According to the world bank, last year alone, East Africans spent USD 1 billion seeking treatment in India alone.
So lucrative do the Indians find the East African market, the cash rich Narayana Hrudayalaya Ltd group will be breaking ground in January next year on a 130-bed cardiac specialist hospital in Nairobi to act as a conduit for East Africans to access Indian care.
Indian leading hospital brands such as Apollo Healthcare and Moolchand Healthcare now have dedicated offices in Uganda and many African countries to tap into those who demand quality care.
A number of Medical Tourism organizations have recently sprung up in Nakasero and Kololo to act as agents for big brand Indian hospitals eager to tap into the lucrative Ugandan market.
Daily, we medical doctors are bombarded by Indian hospital representatives reminding us to ‘refer patients for great care in India’.
Just the other day, I was being offered a 20 percent commission if I referred a patient with another heart condition to India whose case could be handled just as well – and for free- at Mulago Heart Institute or in Khartoum.
Patients are ignorant of their choices mostly because of the poor faith they have of Ugandan health care as well as subtle pressure from commissioned physicians or overt pressure from Indian Hospital Representatives to try out Indian Health care.

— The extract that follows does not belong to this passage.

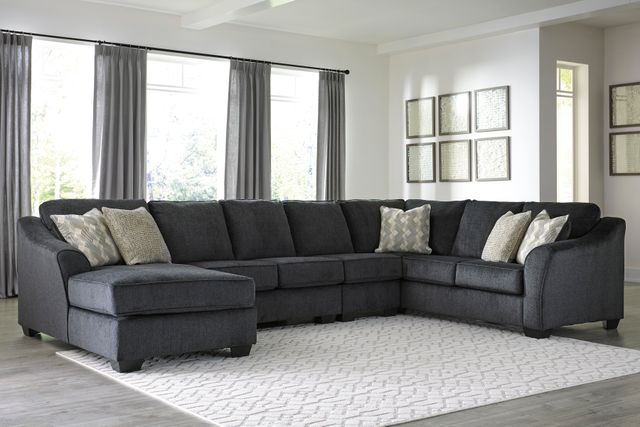 Signature Design by Ashley® Eltmann 4-Piece Slate Left-Arm Facing Sectional and Chaise-2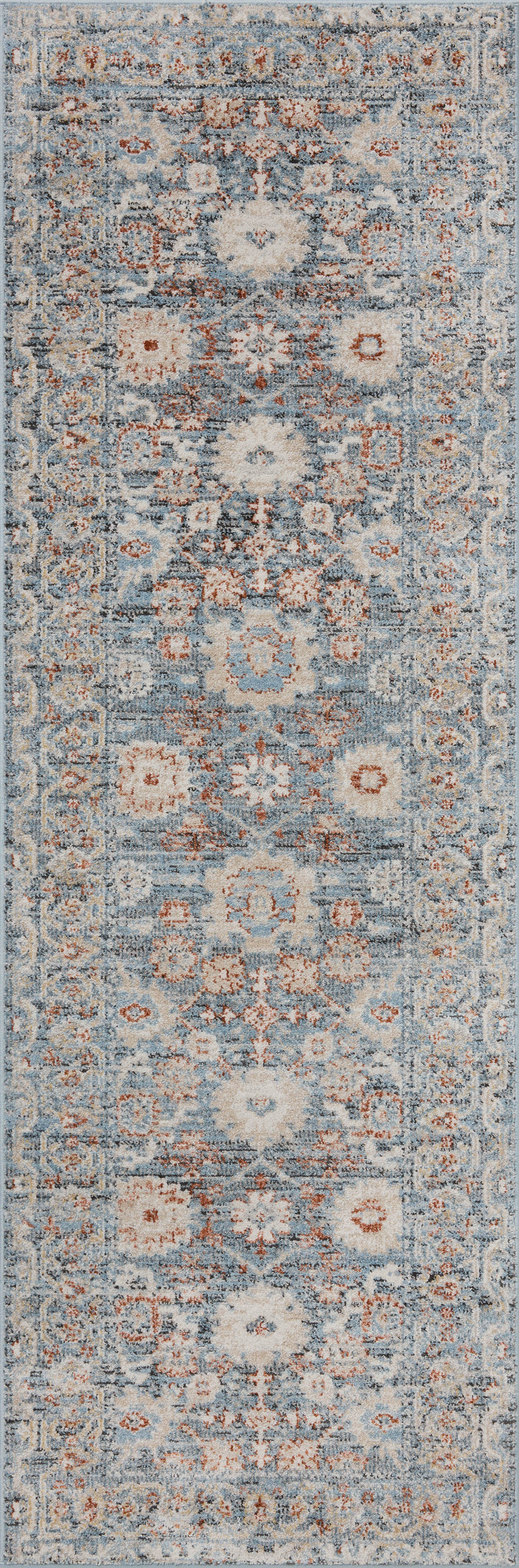 ODT-07 Loloi Odette Sky / Rust Rap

Medical tourism is one of the fastest growing sectors globally-with India at the heart of this growth. Globally it is now a 120 billion dollar industry (25% of it coming from sub-Sahara alone) and according to a report issued by VISA and Oxford Economics, it is projected to grow by 25% year on year for the next ten years.
Proscovia’s operation was successful and she returned to Uganda a few months ago. Other than a slightly elevated blood pressure, she is in good health.
However, she is now quietly raising funds to return to India for her scheduled six monthly check up.
Dr Daniel Tumwine is the lead Paediatrician at The Chidren’s Clinic Naalya.